Hello KNIME users,
I’m currently working on a dictionary based workflow for text classification and I then use several dictionary tagger. But when I use the tag filter after all my taggers, I find myself with multiple tags for a same text. So I would like to know if it’s possible to add weight to dictionary taggers so that only the tag found with the highest weight is kept.
The workflow used is this one :
classification_test.knwf (40.0 KB)
If weight isn’t possible, I want the last tag used to be kept.
Thanks for your help
Hi, could you share your data or a picture of the output you are getting vs the output you are expecting? Thanks
Hi, sorry I can’t share the data because I work with confidentials data, but the output I get is this one
and I’m expecting this one
As you can see, the data I expect is composed of a single string, without duplicate and when two tags are found I keep only one of then, if possible the last one tagged.
In that case, please share fake data (5 rows or so?) as input since I can’t execute the workflow without input.
Or you could try using a different workflow. We did a similar challenge for Just KNIME It! Here is my solution to a problem like this (see “complex solution”) and here are community solutions which might help you.
Here is the workflow with fake data.
Classification_dictionary_based.knwf (207.8 KB)

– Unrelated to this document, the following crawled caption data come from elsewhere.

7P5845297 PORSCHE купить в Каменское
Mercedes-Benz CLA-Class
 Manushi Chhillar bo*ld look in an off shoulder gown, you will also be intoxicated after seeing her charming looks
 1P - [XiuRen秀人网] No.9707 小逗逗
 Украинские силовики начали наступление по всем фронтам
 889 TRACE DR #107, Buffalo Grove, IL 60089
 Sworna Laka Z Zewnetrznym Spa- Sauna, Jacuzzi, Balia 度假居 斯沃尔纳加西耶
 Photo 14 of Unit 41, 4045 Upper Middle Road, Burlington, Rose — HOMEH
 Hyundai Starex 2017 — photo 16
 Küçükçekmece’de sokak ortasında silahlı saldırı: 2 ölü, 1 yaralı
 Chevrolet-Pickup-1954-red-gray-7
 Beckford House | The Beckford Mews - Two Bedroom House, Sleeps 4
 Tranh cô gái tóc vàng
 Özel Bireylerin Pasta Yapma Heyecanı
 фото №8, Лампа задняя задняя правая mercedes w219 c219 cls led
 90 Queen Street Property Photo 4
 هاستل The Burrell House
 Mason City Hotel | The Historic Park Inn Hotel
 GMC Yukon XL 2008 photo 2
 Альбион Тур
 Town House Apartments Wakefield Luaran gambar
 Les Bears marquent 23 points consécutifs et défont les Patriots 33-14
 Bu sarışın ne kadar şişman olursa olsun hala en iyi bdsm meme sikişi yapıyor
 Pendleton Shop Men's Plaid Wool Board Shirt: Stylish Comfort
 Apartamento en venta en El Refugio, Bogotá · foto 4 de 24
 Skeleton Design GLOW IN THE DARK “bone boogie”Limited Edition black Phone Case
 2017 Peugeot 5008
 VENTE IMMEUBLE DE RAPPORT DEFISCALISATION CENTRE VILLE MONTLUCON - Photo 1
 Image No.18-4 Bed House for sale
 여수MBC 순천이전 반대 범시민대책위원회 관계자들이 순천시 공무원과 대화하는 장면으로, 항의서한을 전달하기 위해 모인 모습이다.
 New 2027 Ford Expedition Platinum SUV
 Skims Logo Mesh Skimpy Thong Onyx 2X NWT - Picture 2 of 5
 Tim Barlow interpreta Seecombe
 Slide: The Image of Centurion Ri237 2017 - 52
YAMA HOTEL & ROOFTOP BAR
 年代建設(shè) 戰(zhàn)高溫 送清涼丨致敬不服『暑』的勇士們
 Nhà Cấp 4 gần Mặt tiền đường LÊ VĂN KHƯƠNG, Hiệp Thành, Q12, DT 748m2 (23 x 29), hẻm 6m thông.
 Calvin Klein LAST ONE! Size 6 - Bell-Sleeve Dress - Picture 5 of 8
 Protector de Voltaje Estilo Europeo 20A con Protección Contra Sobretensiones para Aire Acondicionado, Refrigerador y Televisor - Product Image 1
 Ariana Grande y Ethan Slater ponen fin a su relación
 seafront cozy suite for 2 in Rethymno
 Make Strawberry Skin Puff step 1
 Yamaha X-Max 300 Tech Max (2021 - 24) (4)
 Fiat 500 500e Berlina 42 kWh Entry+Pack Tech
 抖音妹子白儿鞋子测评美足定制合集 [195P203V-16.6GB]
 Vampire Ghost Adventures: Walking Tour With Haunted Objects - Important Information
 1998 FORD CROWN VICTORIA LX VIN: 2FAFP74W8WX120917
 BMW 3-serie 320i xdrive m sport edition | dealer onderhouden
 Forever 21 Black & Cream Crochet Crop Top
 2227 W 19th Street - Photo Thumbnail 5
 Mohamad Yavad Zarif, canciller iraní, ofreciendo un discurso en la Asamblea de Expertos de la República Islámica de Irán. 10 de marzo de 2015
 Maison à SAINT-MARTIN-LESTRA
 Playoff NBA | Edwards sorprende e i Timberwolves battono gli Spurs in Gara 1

As I have multiple terms for each category, I don’t know if your solution will work but I will try anyway.
I see, I think a combination of regex split and column merge will work here as long as your categories/tags/labels don’t have spaces in them.
Classification_dictionary_based_with_regex.knar.knwf (228.6 KB)
It works really well thank you for your help
This topic was automatically closed 7 days after the last reply. New replies are no longer allowed.